JAKARTA - Menteri Luar Negeri RI Retno Marsudi menyerukan perluanya penggunaan berbagai cara untuk menyuarakan aspirasi perempuan Afghanistan.

Itu dikatakan Menlu Retno pada pertemuan High-Level Side Event “Inclusion of Women in the future of Afghanistan", yang diselenggarakan pada 23 September 2024 di Markas Besar PBB, New York, Amerika Serikat.

"UNESCO mencatat setidaknya 1,4 juta anak perempuan Afghanistan dilarang mengakses pendidikan menengah pada tahun 2024. Kondisi yang mengkhawatirkan ini perlu menjadi perhatian kita bersama," kata Menlu Retno, dalam keterangan Kementerian Luar Negeri RI 24 September.

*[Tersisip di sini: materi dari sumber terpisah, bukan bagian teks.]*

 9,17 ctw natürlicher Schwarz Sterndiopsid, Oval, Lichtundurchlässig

Pertemuan yang diadakan di sela-sela High-level Week Sidang Majelis Umum PBB ke-79 ini untuk mendorong pelibatan dan pemenuhan hak-hak perempuan serta proses perdamaian di Afghanistan.

Dalam kesempatan kali ini, Indonesia menjadi tuan rumah pertemuan bersama dengan Irlandia, Qatar dan Swiss serta Women Forum on Afghanistan.

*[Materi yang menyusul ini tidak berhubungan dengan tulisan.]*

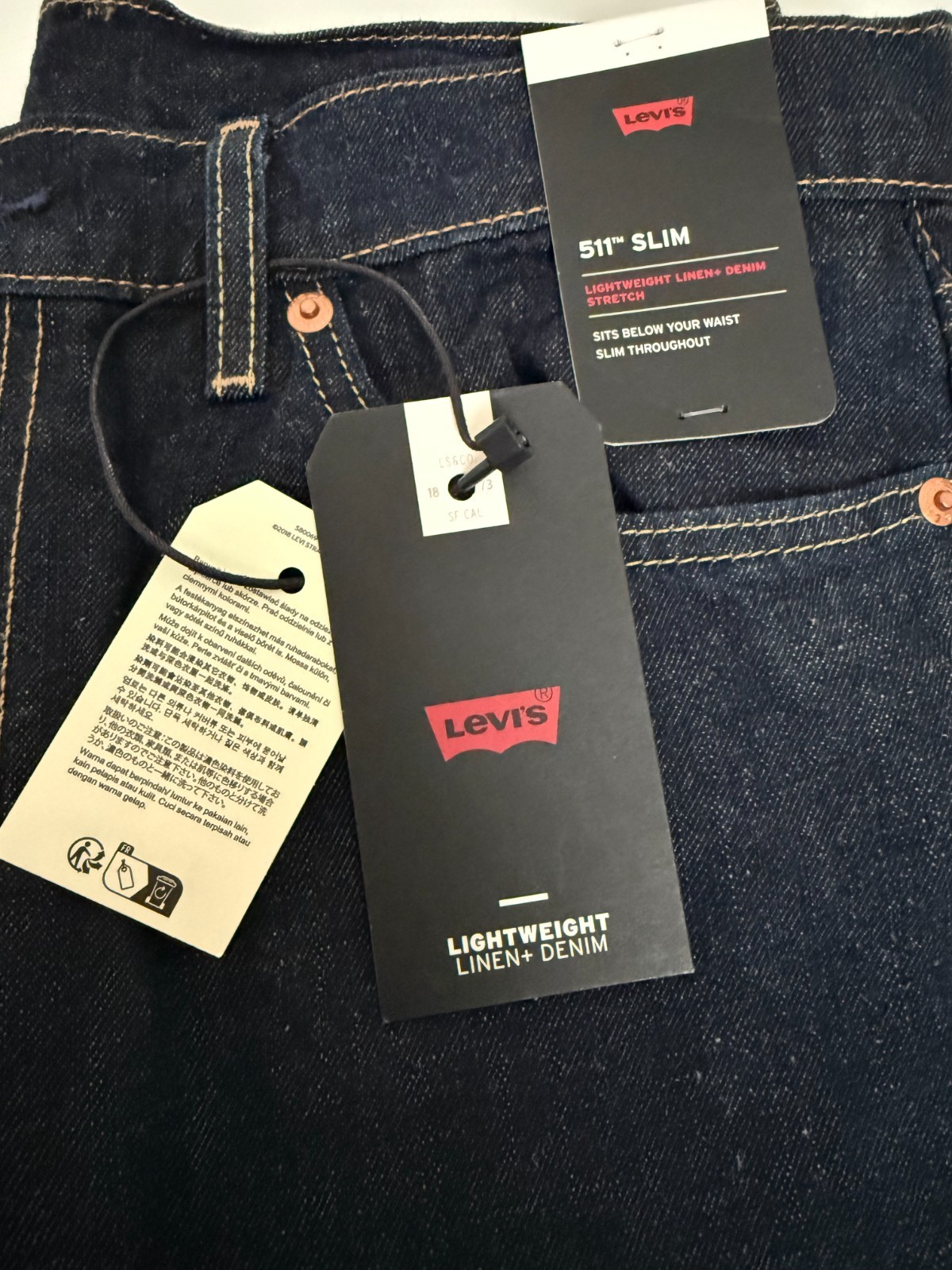 Levi’s® Premium 511™ Slim Fit Linen+ Denim Men’s Jeans, Still Got Time-Dark Wash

"Saya seorang wanita, seorang ibu, seorang nenek dan seorang Muslim. Namun, saya memiliki kebebasan, akses terhadap hampir semua hal. Bagaimana dengan perempuan Afghanistan? Apakah mereka memiliki hak yang sama dengan saudara laki-laki mereka?", tanya Menlu Retno kepada para peserta, ketika membuka pertemuan.

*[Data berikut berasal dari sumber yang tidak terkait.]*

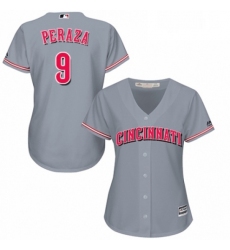 Womens Majestic Cincinnati Reds 9 Jose Peraza Replica Grey Road Cool Base MLB Jersey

Dalam sambutannya, Menlu Retno memaparkan selama tahun 2024, Indonesia bekerja sama dengan LSM lokal di Afghanistan melaksanakan proyek psikososial yang melibatkan 400 perempuan Afghanistan.

Lebih lanjut, Indonesia juga siap untuk memberikan dukungan untuk pengembangan model bisnis microfinance syariah guna mendorong penciptaan lapangan kerja bagi para perempuan Afghanistan.

"Kita perlu menggunakan segala cara untuk menyuarakan aspirasi perempuan Afghanistan," tandas Menlu Retno.

Pertemuan High-Level Side Event ini dibuka oleh Sekjen PBB Antonio Guterres, Presiden Swiss Viola Amherd dan Menteri Luar Negeri RI. Diskusi juga menghadirkan Menteri Luar Negeri Irlandia dan Qatar, Fawzia Koofi dan Habiba Sarabi yang merupakan aktivis perempuan Afghanistan, serta Under-Secretary-General PBB untuk isu Politik dan Bina Damai Rosemary DiCarlo.

Sekjen PBB menyampaikan, perempuan Afghanistan mengalami tingkat kekerasan berbasis gender dan angka kematian ibu yang tinggi.

"Para perempuan Afghanistan menyampaikan kepada PBB bahwa mereka merasa tidak aman, terisolasi, dan tidak berdaya karena mereka kehilangan kemampuan untuk menafkahi keluarga atau berkontribusi bagi masyarakat mereka," ujar Sekjen Guterres.

Pertemuan ini mencatat pentingnya peran akses pendidikan bagi perempuan Afghanistan, serta kesempatan untuk dapat bekerja, termasuk dalam posisi kepemimpinan.